C’est toujours un peu la même chose les séries Netflix : tout le monde ne parle que de ça pendant trois jours, et ensuite c’est silence radio jusqu’au renouvellement. Tâche difficile donc de donner son avis deux semaines après tous les autres, qui plus est pour le deuxième chapitre de la collaboration entre le service de VOD et les Studios Marvel. Collaboration qui a su, en même pas six mois, mettre tous les geeks de France et de Navarre sur la même longueur d’onde : c’est génial, c’est superbe, c’est parfait.
Alors que le reste de population regarde ces graals nerds avec davantage de curiosité que de passion, il reste pourtant difficile de faire la sourde oreille aux agitations parfois un peu exubérantes faites face à des produits qui, pour faire court, ne sont pas si irréprochables que ça.
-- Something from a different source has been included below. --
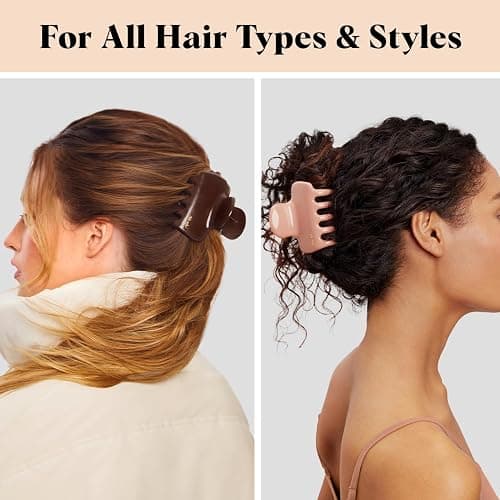 Kitsch Plastic Puffy Claw Clip for Women - 3.15 Inches Claw Clips for Full or Half Ponytail, Secure Hold for Thick Hair, Stylish Hair Accessories | Ideal Gifts for Women - Chocolate, 1pc thumbnail 6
C’est un peu le paradoxe des séries Netflix qui, malgré leurs défauts de rythme, de construction et tout simplement d’écriture, récoltent de façon quasi-systématique des retours dithyrambiques de la part d’une partie de leur public. L’une des hypothèses que l’on pourrait admettre est le procédé du binge-watching (pour les non-initiés, c’est le fait de regarder tous les épisodes d'une série à la suite – Netflix sortant chaque nouvelle saison de ses productions originales d’un seul bloc, le procédé est érigé au rang de pratique sociale normalisée) qui a tendance à faire oublier les irrégularités de la narration ; ou alors serait-ce dû la production value complètement hors-normes qui vient faire du pied à la grande HBO.
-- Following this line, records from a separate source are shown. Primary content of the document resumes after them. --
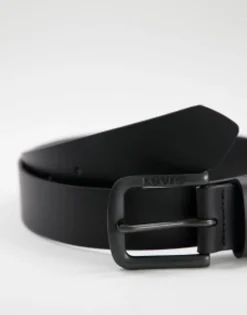 Gifts*Levi's Seine Metal Leather Belt In Matter Black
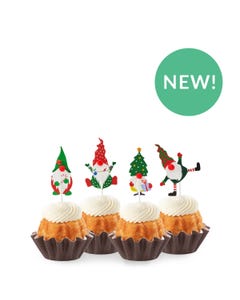New! Snickerdoodle Holiday Gnome Bundtinis® topped with frosting and decorated with Christmas themed gnomes.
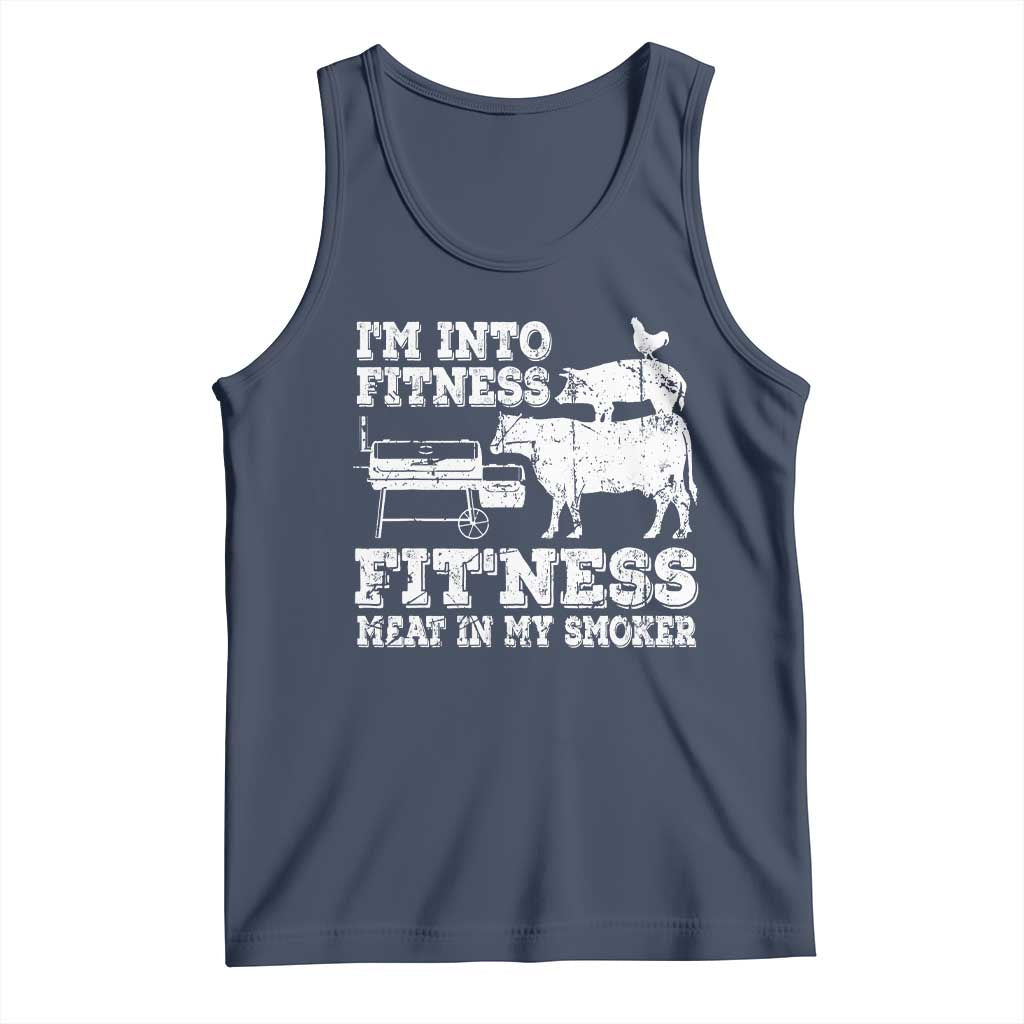 Funny BBQ Tank Top Meat Smoking Barbeque Griller Grilling Gifts TS10 Navy Print Your Wear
Quitte à jouer le trouble-fête, disons-le tout de suite : Jessica Jones n’est pas une grande série. Elle a certes de fantastiques qualités : elle possède l’un des meilleurs bad guy hollywoodiens de récente mémoire, la mise en images – à défaut de briller – est propre et léchée, l’ambiance jazzy donne un certain cachet à la série, et globalement elle remplit son boulot de divertissement carré ; mais à côté de ça, impossible d’ignorer la faiblesse générale des personnages et la fainéantise des producteurs (ou des scénaristes), avec une prise de risque proche du néant et une construction très calibrée du récit. Globalement, ce sont les mêmes faiblesses qu’avait Daredevil – une fois, ça passe encore, mais alors qu’on en est déjà à leur deuxième essai et qu’il en reste encore trois dans les bacs, on est en droit de s’inquiéter. Est-ce que Luke Cage, Iron Fist, The Defenders reprendront elles aussi le même ton, les mêmes enjeux, les mêmes seconds rôles, la même vision de leur décor ?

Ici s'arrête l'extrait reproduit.